How about including a field in the object which indicates what thread owns it, and using Threading.Interlocked.CompareExchange to attempt to acquire it? Figure that if an object is in use, code shouldn't lock but simply abandon the operation.

supercat
I wasn't familiar with Threading.Interlocked.CompareExchange before - thanks. Unfortunately abandoning the operations isn't an option - because messages must arrive in their correct order.
Frederik
@Frederik, can you describe in your question what processing logic you'll need to implement? Maybe you'll implement `Queue<>` as `ConcurrentDictionary<>` value and gather processing objects there.

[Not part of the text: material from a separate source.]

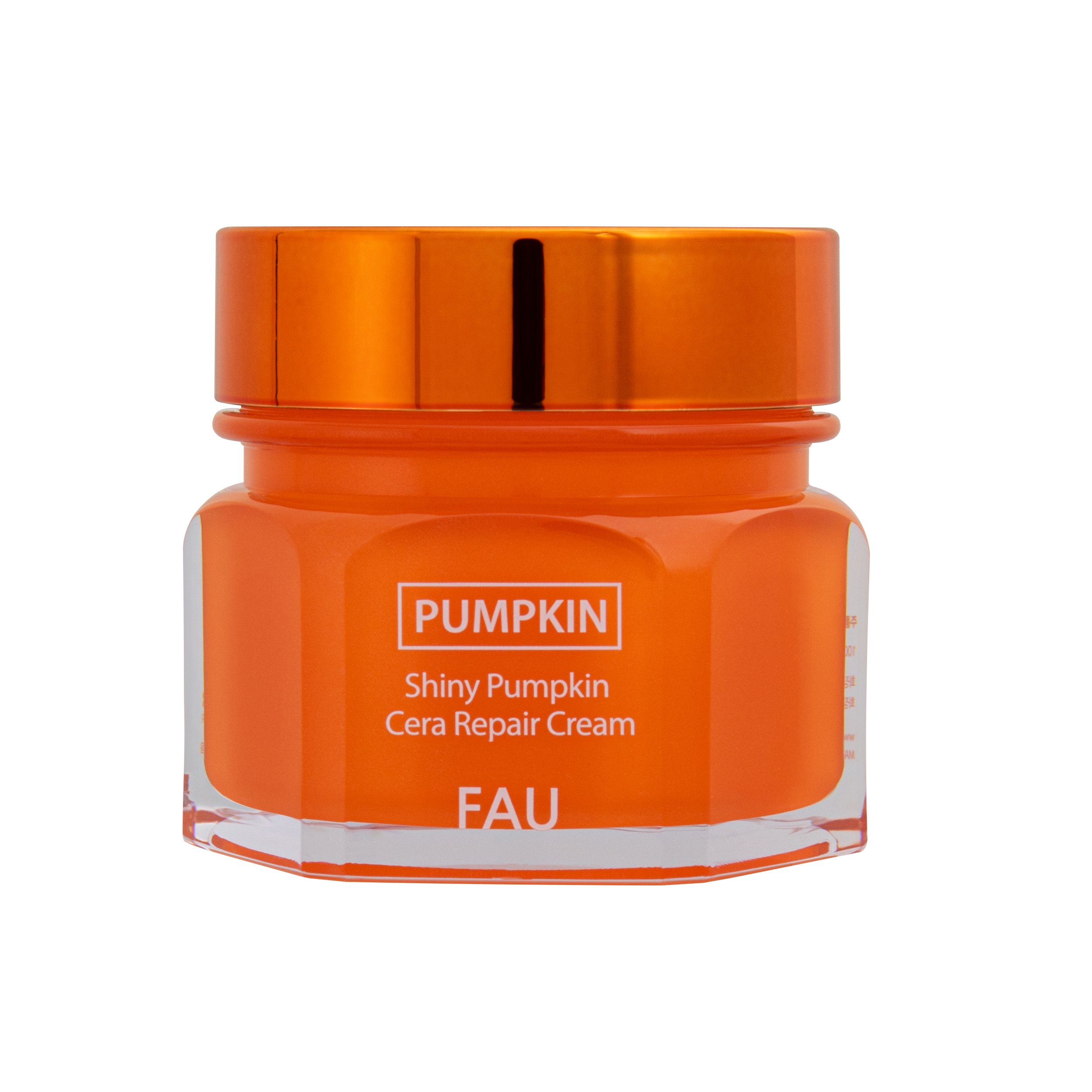 FAU Shiny Pumpkin Cream Repair Cream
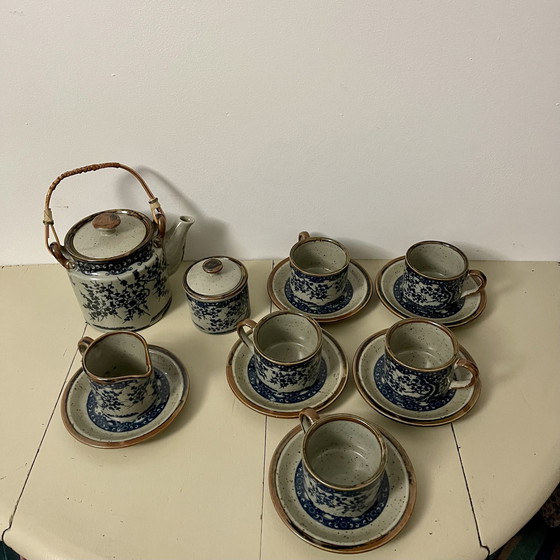 Image 1 of Tea or Coffee Set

Or your `DictionaryObject` has to be shared?
Nick Martyshchenko
If you want to process them in order take a look at `BlockingCollection<T>` - http://msdn.microsoft.com/en-us/library/dd267312.aspx. When serviced with one thread, this should guarantee ordering, at least insofar as they are added to the queue in the correct order.
Steve Townsend
@Frederik: So what you need is to ensure that if an item is being scanned when someone else wants to add to it, either the item will be deleted and a new one created, or the item will be appended to and not deleted. Best would probably be to use a combination of CompareExchange and locking; you need to use lock each item when actually deleting it, and use CompareExchange to keep track of whether an item is being deleted, and any attempt has been or is being made to add to an item during a scan. If an attempt is made to add to an item during deletion, wait on the old item's lock then try again.